I was at a cross-road: option A – uninstall the software and reinstall once the program framework was in place, or option B – forge ahead and re-configure the technology to fit the requests made by the internal stakeholders. We chose option B given our desired launch date. In the end, I wished we had gone with option A.

Think in terms of people, then processes, then technology. Learn how to build a program foundation first, work out any kinks, and then you are ready to automate.

3. Launching the Program with No Communication or Promotional Plan 

Have you heard the saying, ‘If you build it, they will come’? Sounds great, even easy but is this the best approach? How can the program grow or be successful if few people know about it?

Getting to a launchable program, has taken a lot of time and energy. There were many people who may have assisted you to this moment. This is the time to be shouting from the rooftops!

If people see you have thought out the program and its communication, then the sales teams are more likely to introduce you to their customers, who will be the heart of the Program.

4. Underestimating What Is Needed for Program Success

A customer reference and advocacy program, once launched, can become never-ending in the opportunities you have to offer your happy customers to engage with your brand. This is a great problem to have, right? 

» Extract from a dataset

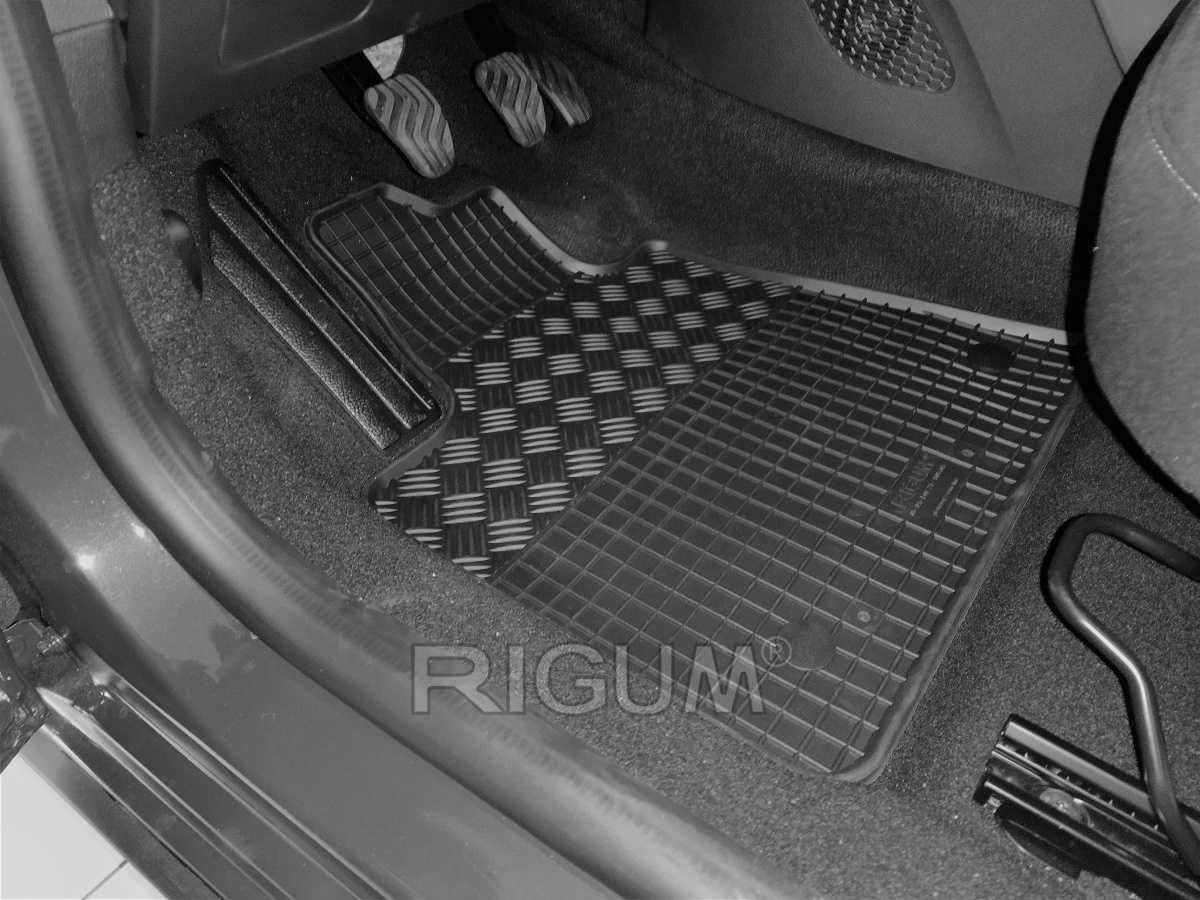 Гумени стелки и багажник DACIA Sandero и Stepway Logan 2021-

This comes from offering too many activities in your program that do not match the few resources you have to follow up on the requests from internal stakeholders or engage with your customers. Before you know it, you are working 60+ hours per week and there is no end in sight. 

Setting goals and the metrics by which you will measure program success go a long way in gaining support by executives, as well as other internal stakeholders. Don’t be shy about reporting your program results and do so regularly. 

Reporting is an opportunity to level-set expectations and grow or realign your resources for success.

5. Thinking You Are Alone in the Journey to Create a Customer Reference and Advocacy Program 

In the last ten years, the customer marketing field, including customer reference and advocacy programs, has become an increasingly recognized, must-have discipline in many organizations. If you have accepted the challenge of creating such a program for your organization avoid the pitfall of thinking you have to come up with all the ideas by yourself.

Ultimately, you are not alone in this journey and many have come before you whom you can tap for guidance. Join a LinkedIn group or #customerreference or #customeradvocacy on LinkedIn and explore the possibilities to connect with like-minded peers.